Why is it good, then? Well, it’s all about the animals. Animal tiles (which are all unique!) have requirements: for instance, the Warthog wants to be adjacent to a Plain, a Desert, a Forest, and a Water tile – which is the most constraining of requirements. Each animal also comes with its own background environment, so you fulfill the requirements of animals with other animal tiles. It’s up to you to find the right synergies. What is more, sometimes an Animal requires, say, two Water tiles. In which case, you don’t need these two water tiles rightly adjacent to your animal: as long as your animal is adjacent to a group of water tiles of size at least two, it’s okay. And this really leads to an interesting spatial puzzle. You often want to place several tiles of a given terrain type next to each other, but on the other hand, all animals on these will want a greater variety of terrain tiles, so you must balance the two. It’s truly fascinating.

Habitats - animal tiles

Now, why do I think it’s especially good? In the end, it’s a Beat Your Own Score game, plain and simple. I am often of two minds about this kind of solo games, in a sense that sometimes, it feels like you are chasing a number that doesn’t bear much meaning on the game. Here it’s different. During the game, you have the drive to build a nice park. You want your little animals to be happy, and you want to provide them with the right habitats – there is something fundamentally satisfying about it. And it’s all the more fortunate that these two motivations – satisfying your sense of animal-friendly tidiness, and scoring points – happen to exactly coincide. The park in itself is the true reward; the points are just a convenient quantification of a result that you already feel.

Before I move to the true question – why am I backing it if I own it already? – I’ll just have a quick word on Sagani , which is the direct heir of Nova Luna, itself a re-implementation of Habitats (I haven’t played Nova Luna so I won’t say anything about it). The spatial puzzle of Sagani is “purer” in the sense that it’s both cleaner (you don’t have special scoring tiles, to begin with) and it grants you more freedom, inviting you to display all your patterning creativity. But I favor Habitats for two reasons. Thematically, I far prefer real-life animals to silly, cartoony, and generic “Nature spirits”. As a result, in Sagani, I don’t care about the final arrangement. Second, Rosenberg didn’t go with a “BYOS” solo mode, but a true win/loss condition – manage to reach score threshold X within N rounds – yet adding a BYOS variant in which you just have to place all the tiles available and see what the final score is. So, it has less clear a purpose, and therefore I don’t feel compelled to play it as much.

Habitats KS campaign GIF

A final word on the Kickstarter campaign. There are three things I don’t like about Habitats.

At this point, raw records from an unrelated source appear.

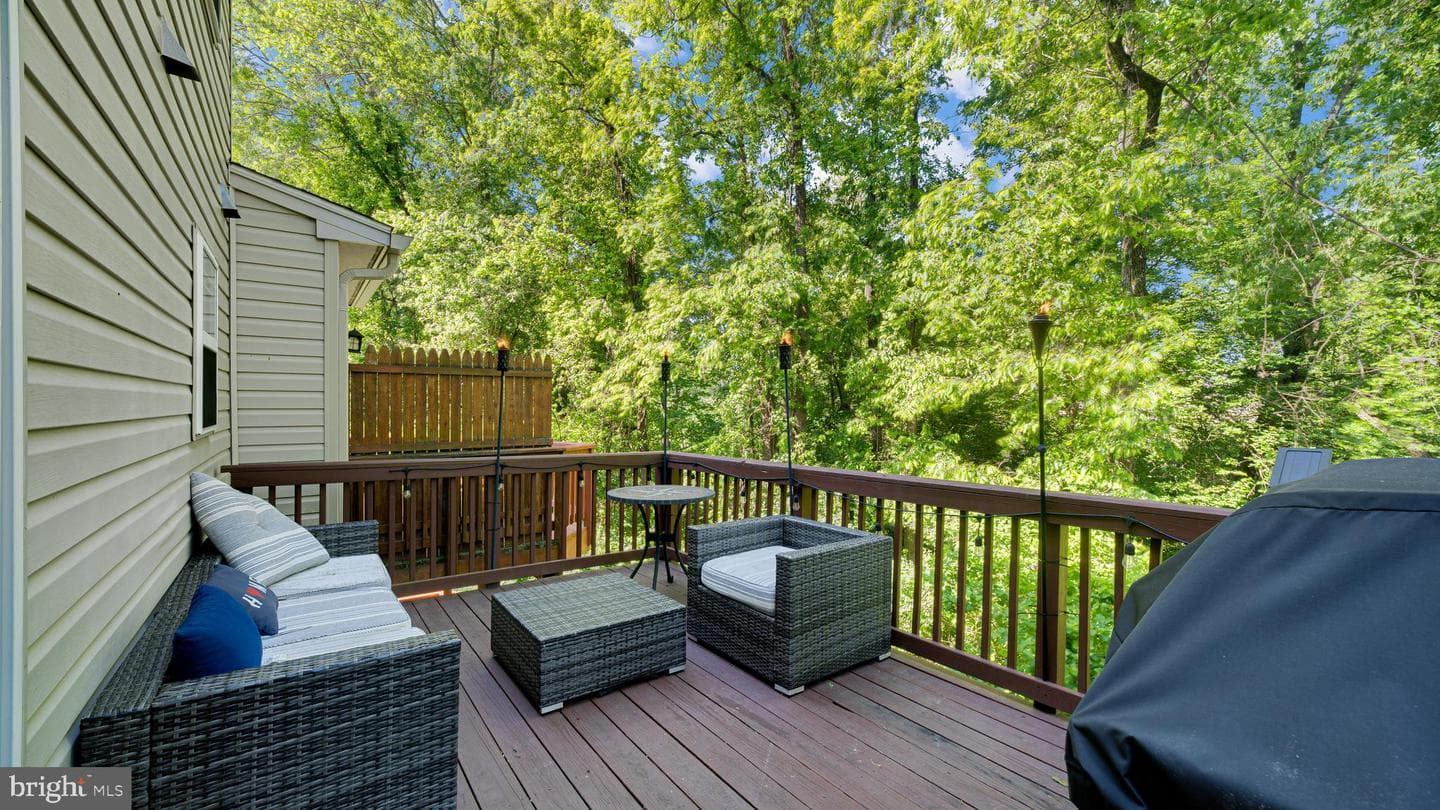 125 Emory Woods Court photo 38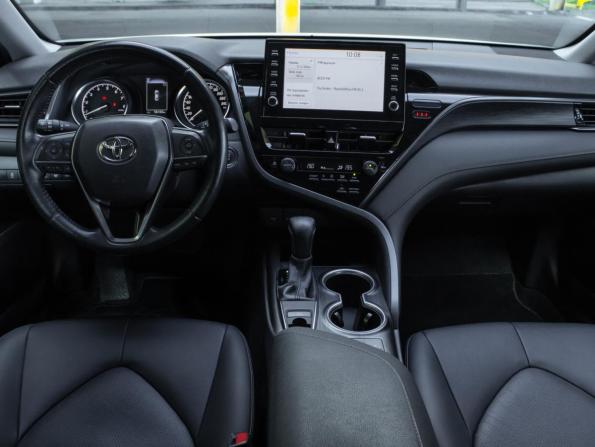 Toyota Camry VIII (XV70) Рестайлинг с пробегом 2021 года, цена 2 960 000 рублей, 56160 км, седан, Автокод Объявления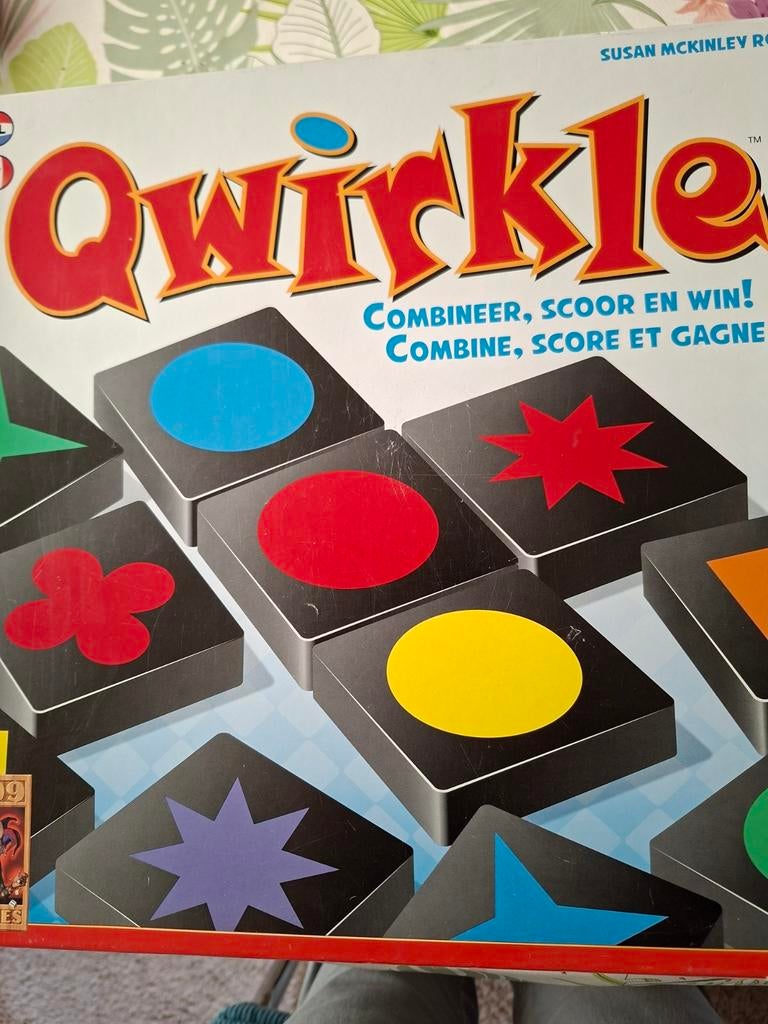 Spel Qwirkle (grote stenen) als nieuw 999 games, Ophalen of Verzenden, Zo goed als nieuw
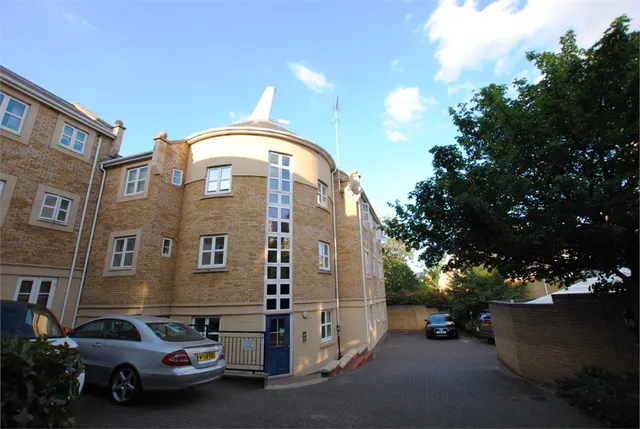 Kingfisher Drive, GREENHITHE, Kent, DA9 9RS, photo 1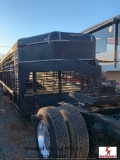 2000 CIRCLE W 8X40 GOOSENECK LIVESTOCK TRAILER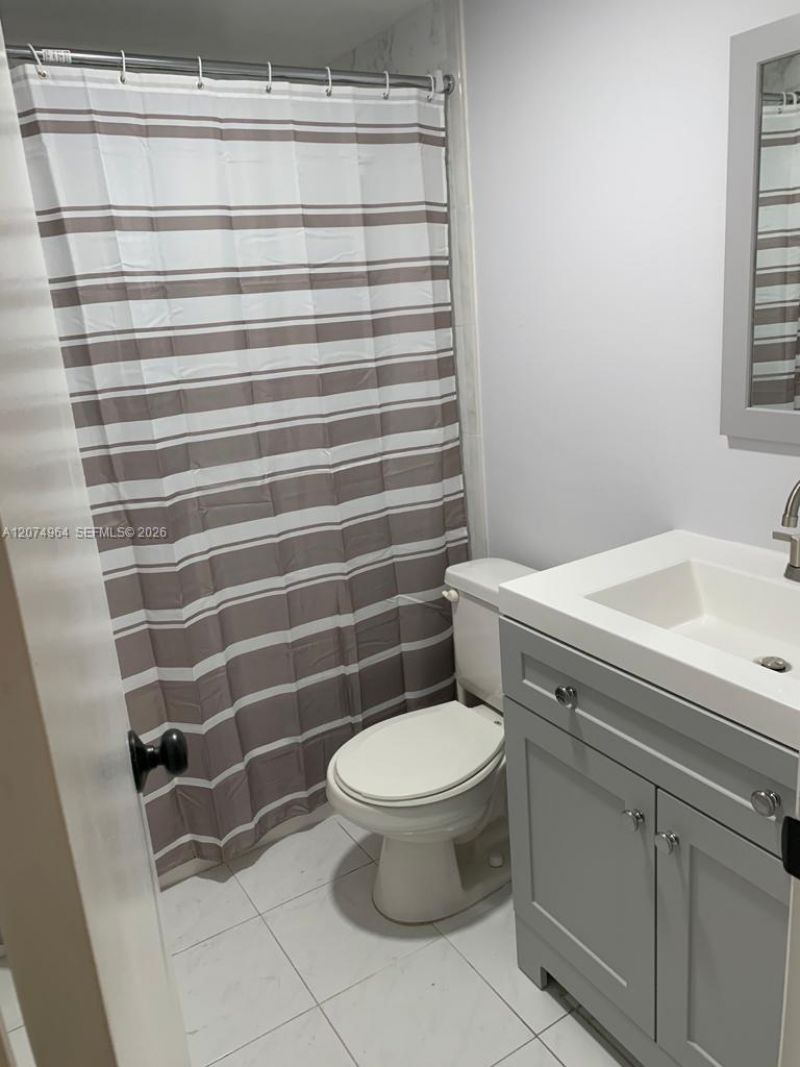 1990 Marseille Dr, Unit 206, Miami Beach, FL 33141 Photo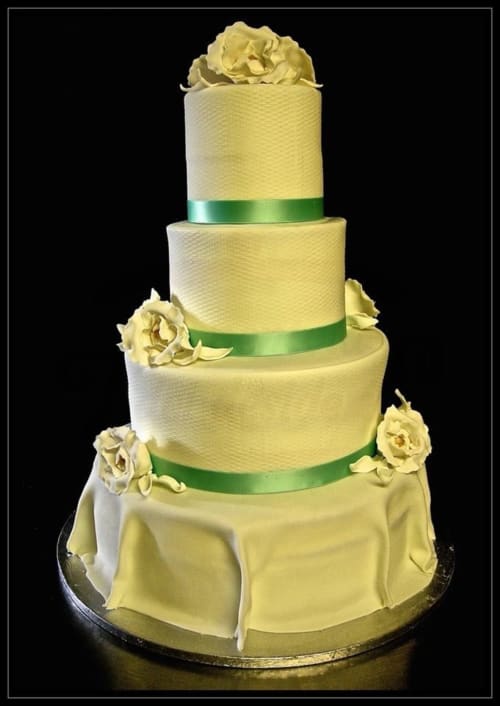 Torte nunziali - Villa Scati B&B e appartamenti | Melazzo, Piemonte - parcheggio, piscina e palestra, massaggi, ristorante, cantine, bar, ricevimenti, matrimoni, eventi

First, the graphic design is a bit repellent, even though I do like the realistic take on the animals. Second, shuffling tiles is a horror, and since you tend to group them during the game, it’s absolutely essential to shuffle well. Third, as long as you don’t fulfill an animal’s requirements, you place it upside down, so that, in the final scoring, you know at first glance whether to account for it or not. But it means, first, that it’s aesthetically discordant during the game, second, that you need at times to retrieve a tile in the middle of your park to rotate it correctly, which is inconvenient.


The new edition offers a pretty graphic design (although I don’t like that the animals are now weirdly and exaggeratedly colorful), a very nice bag to shuffle tiles, and tokens you place on the animal tiles when fulfilled. You even may go crazy and purchase the completely useless add-on that replaces these tokens with a bucket of animal meeples. It's so clearly an over-production madness that I truly appreciate these are optional – yet I am most certainly grabbing them. I’m just too fond of critters.